◆ **Records for this task**:

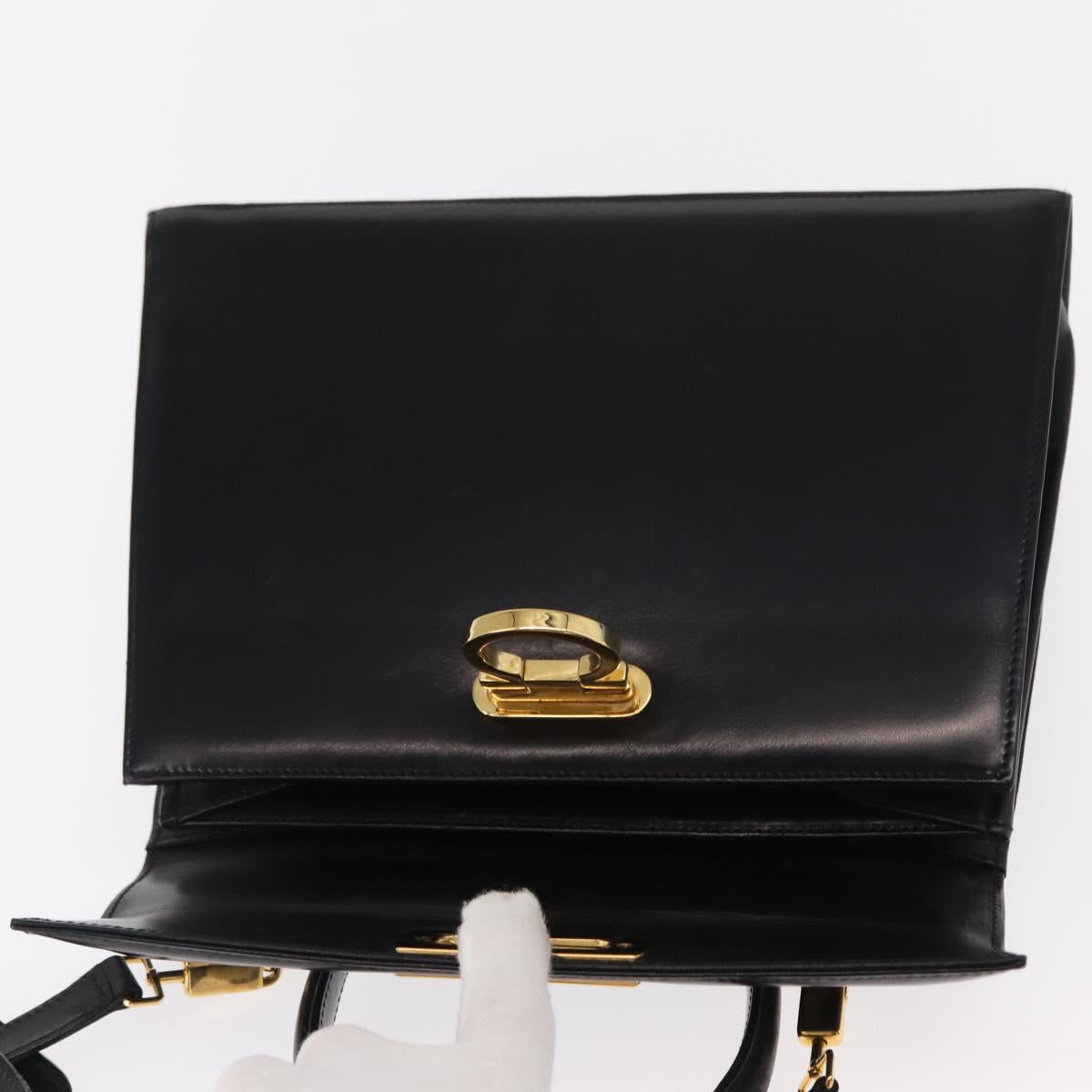 Salvatore Ferragamo Gancini Hand Bag Leather 2way Black Gold Auth 159742A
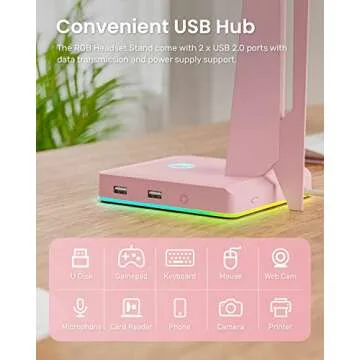 IFYOO RGB Gaming Headset Stand with 2 USB Ports, Game Headphone Mount for PC, Xbox One, PS4, Switch, Earphone Holder Hanger, Great for Gaming Stations, Fancy Desk Gamer Accessories, Pink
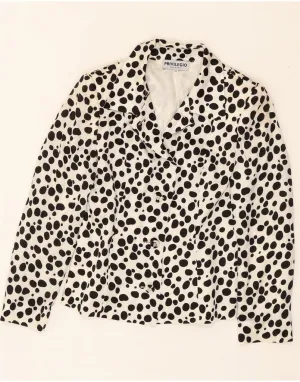 PRIVILEGIO Womens 3 Button Blazer Jacket IT 42 Medium White Spotted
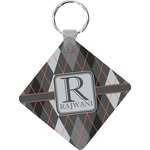 Modern Chic Argyle Diamond Plastic Keychain w/ Name and Initial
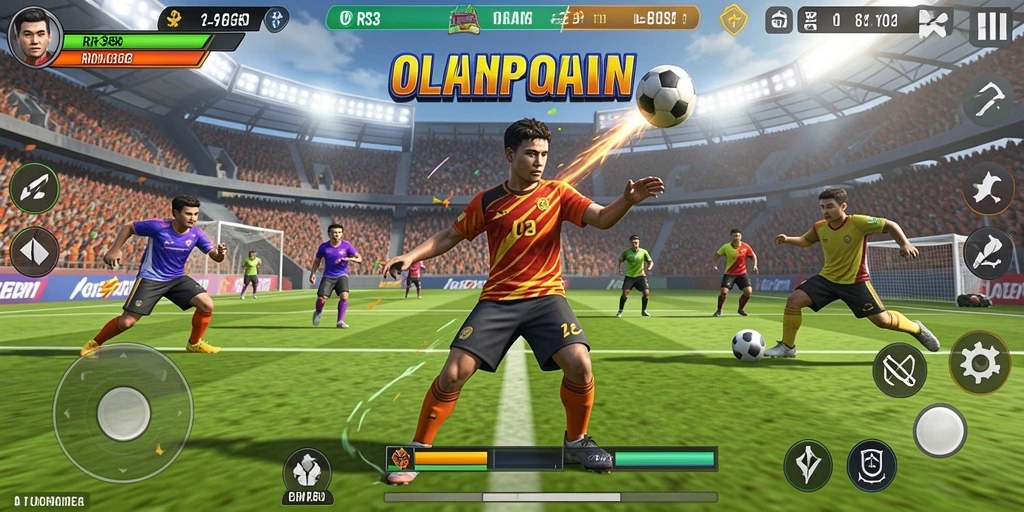Tangkapan layar permainan RR33 dengan aksi olahraga yang mendebarkan.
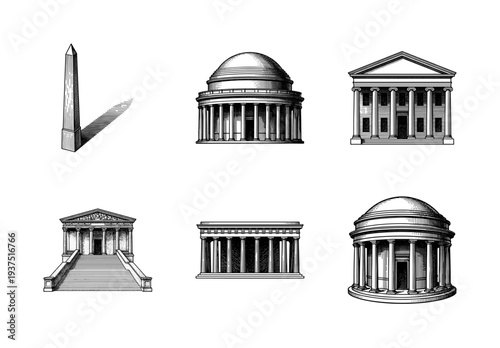 Collection of classical architectural monument sketches featuring an obelisk and various domed or pillared temple structures in a black and white woodcut engraving style.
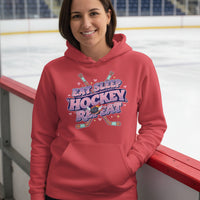 Eat Sleep Hockey Repeat Retro Hoodie for Women – Cute Pink Hockey Lover Sports Design RED - FRONT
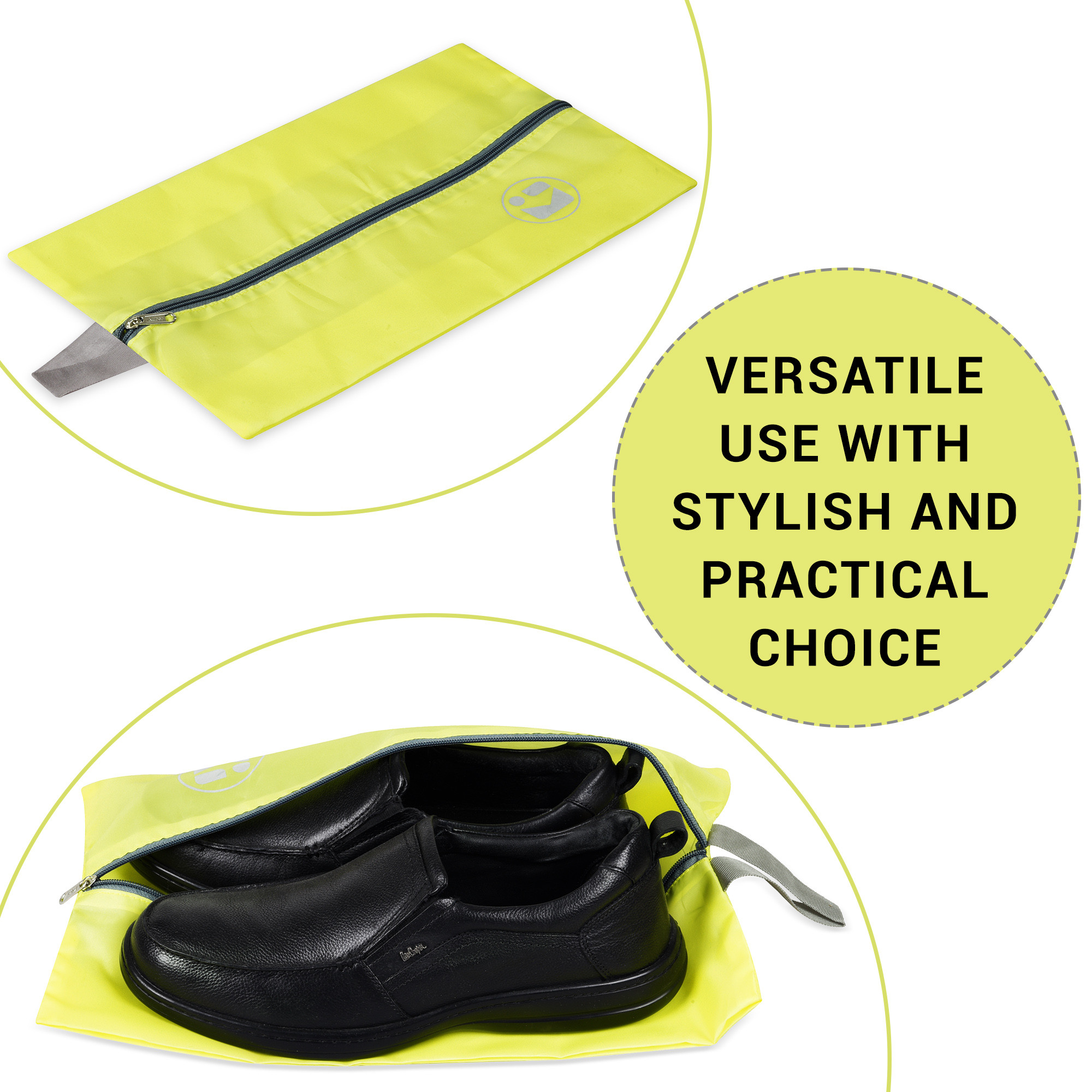 Kuber Industries  Travel Organizer  Travel Shoe Carrying Bag  Toiletry Pouch with Zipper  Shoe Cover for Travel-Hiking-Adventure  Multipurpose Storage Organizer Bag  Yellow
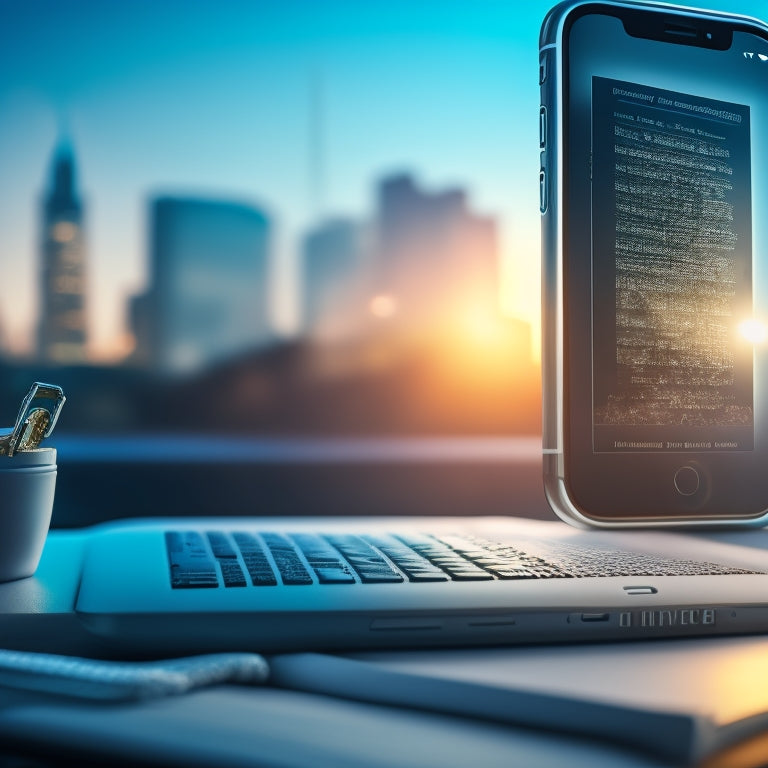 A stylized illustration of a locked padlock transforming into an open book, with an iPhone in the background, surrounded by subtle learning-related icons and a blurred cityscape.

◆ **Action item**:
Every record must be duplicated exactly, except for the pictures, which are left out.

◆ **Output of the task**:
 Salvatore Ferragamo Gancini Hand Bag Leather 2way Black Gold Auth 159742A
 IFYOO RGB Gaming Headset Stand with 2 USB Ports, Game Headphone Mount for PC, Xbox One, PS4, Switch, Earphone Holder Hanger, Great for Gaming Stations, Fancy Desk Gamer Accessories, Pink
 PRIVILEGIO Womens 3 Button Blazer Jacket IT 42 Medium White Spotted
 Modern Chic Argyle Diamond Plastic Keychain w/ Name and Initial
Tangkapan layar permainan RR33 dengan aksi olahraga yang mendebarkan.
 Collection of classical architectural monument sketches featuring an obelisk and various domed or pillared temple structures in a black and white woodcut engraving style.
 Eat Sleep Hockey Repeat Retro Hoodie for Women – Cute Pink Hockey Lover Sports Design RED - FRONT
 Kuber Industries  Travel Organizer  Travel Shoe Carrying Bag  Toiletry Pouch with Zipper  Shoe Cover for Travel-Hiking-Adventure  Multipurpose Storage Organizer Bag  Yellow
 A stylized illustration of a locked padlock transforming into an open book, with an iPhone in the background, surrounded by subtle learning-related icons and a blurred cityscape.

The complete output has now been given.